>>>

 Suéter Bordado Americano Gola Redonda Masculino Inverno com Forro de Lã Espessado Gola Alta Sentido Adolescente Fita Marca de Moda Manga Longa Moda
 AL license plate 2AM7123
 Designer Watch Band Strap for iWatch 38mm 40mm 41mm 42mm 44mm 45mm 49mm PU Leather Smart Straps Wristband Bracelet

<<<
>>>

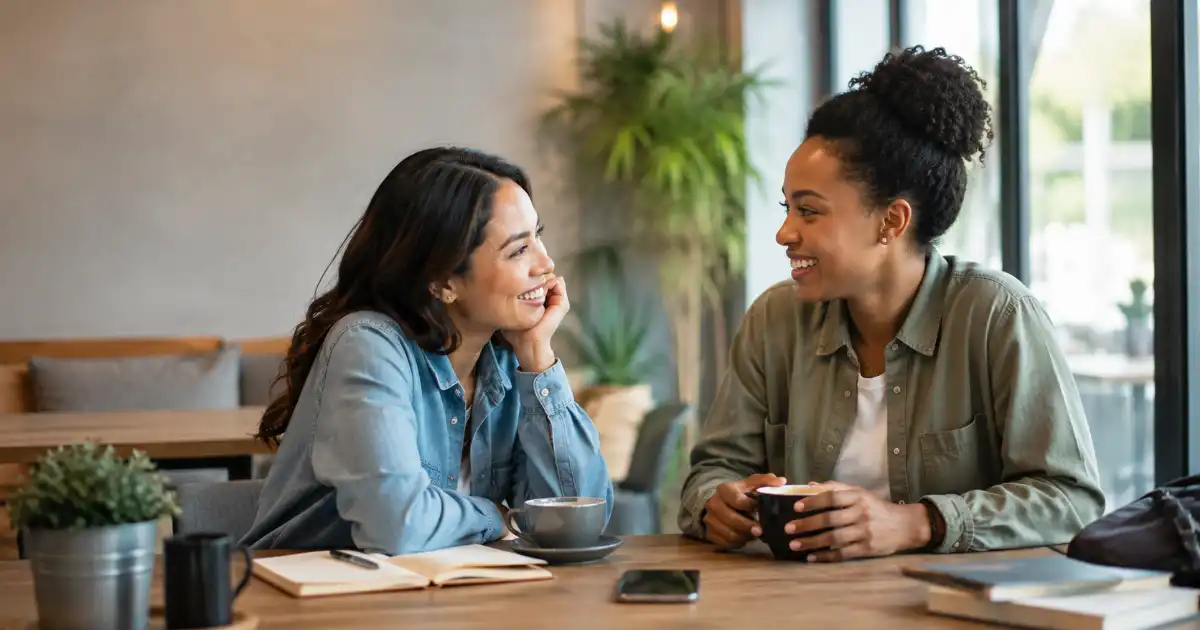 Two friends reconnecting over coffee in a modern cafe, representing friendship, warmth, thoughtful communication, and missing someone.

<<<

:: Exercise aim ::
Could you reproduce, exactly, every line above from the line with "Suéter Bordado Americano" to the line with "Designer Watch Band", and no other line? Both ends count.

:: Result below ::
 Suéter Bordado Americano Gola Redonda Masculino Inverno com Forro de Lã Espessado Gola Alta Sentido Adolescente Fita Marca de Moda Manga Longa Moda
 AL license plate 2AM7123
 Designer Watch Band Strap for iWatch 38mm 40mm 41mm 42mm 44mm 45mm 49mm PU Leather Smart Straps Wristband Bracelet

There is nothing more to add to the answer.